29.12.2010

Ein Bummel durch die Souqs

Heute morgen machten wir uns noch einmal auf den Weg, um die verschiedenen Souqs genauer unter die Lupe zu nehmen. Diese Basarsträsschen sind fast alle überdacht, sie fächern sich hundertfach auf und man verliert sich schneller, als man denkt.

Vom Gold über Edelsteine, vom Silber bis zum Kaschmir, hier findet jeder 1000 wunderschöne Dinge. Umnebelt von einem betörenden Duftgemisch aus Magnolien und Jasminblüten, dazwischen unzählige, glühende Weihrauchduftlämpchen durchquerten wir all die kleinen Gassen, in denen sich Geschäftchen an Geschäfte reiht.

So viel Gold auf einem Haufen habe ich noch nie gesehen. Und es ist echtes Gold. Es hat eine besonders gelbe Farbe und ist „very expensive“.

Pashminaschals, Kaschmirschals, alle in unzähligen Farbkombinationen wurden uns ebenso angeboten wie Weihrauch, einer Kostbarkeit des Oman. Handeln war angesagt, wobei immer alles 5 Rial zu kosten schien.

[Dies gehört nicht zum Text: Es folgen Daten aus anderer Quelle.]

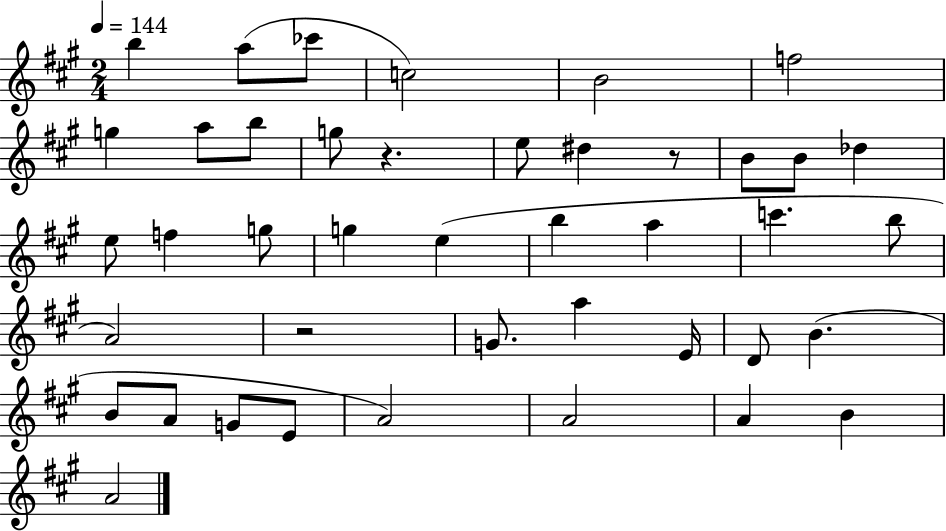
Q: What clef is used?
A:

Keiner von uns, auch die Männer, konnte sich diesem Flair entziehen. Jeder kaufte ein. Wir waren sehr früh am Morgen da, und damit ziemlich alleine unterwegs. Die Preise schienen nicht zu hoch und handeln war gar nicht einfach.

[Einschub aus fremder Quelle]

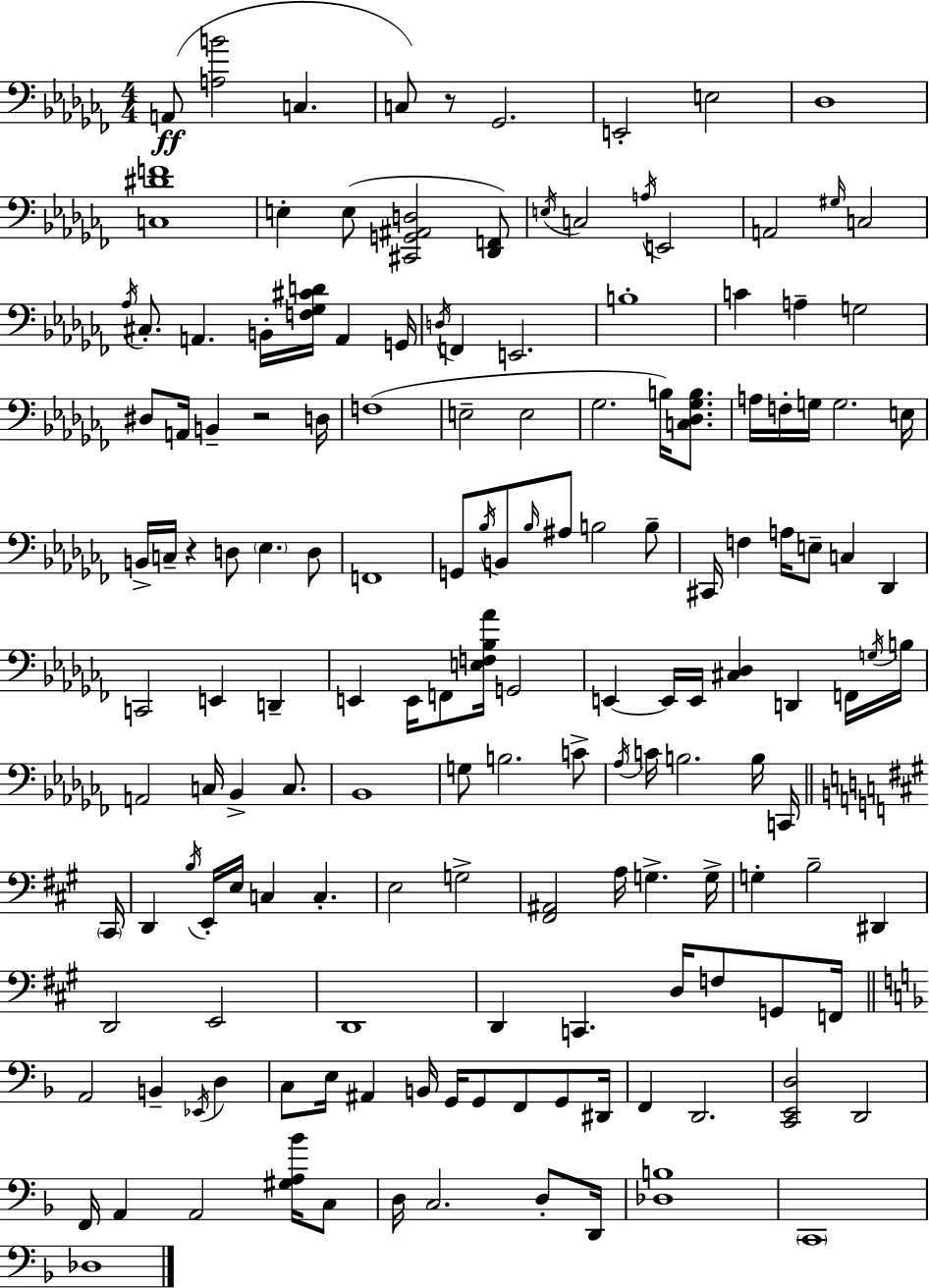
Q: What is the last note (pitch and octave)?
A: Db3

So gegen 11 Uhr wandelte sich das geruhsame Bild drastisch. Touristen fielen busladungsweise ein und man wurde nur noch durch geschoben. Auch die Preise der Waren kletterten fast ums 3fache in die Höhe.

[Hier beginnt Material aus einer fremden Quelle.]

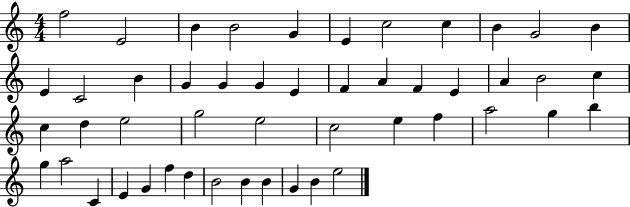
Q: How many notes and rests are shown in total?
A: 49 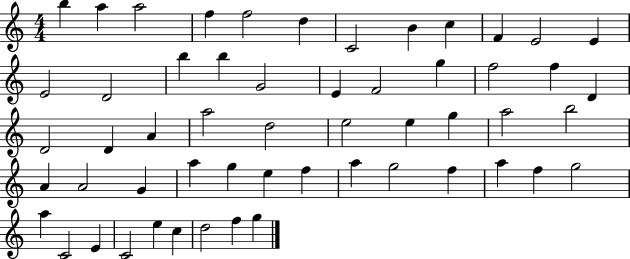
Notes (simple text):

Fast fluchtartig verließen wir diesen Rummelplatz und waren froh, draußen zu sein. Aber das wird wohl nicht das letzte Mal gewesen sein, dass wir dort waren. Es ist zu schön und verlocken dort.

Nach dem Mittagessen war relaxen angesagt. „Ab auf’s Oberdeck“ hieß es, und jeder suchte sich einen schönen windstillen Sonnenplatz. Wir wollen ja schließlich urlaubsmäßig getönt nach Hause kommen.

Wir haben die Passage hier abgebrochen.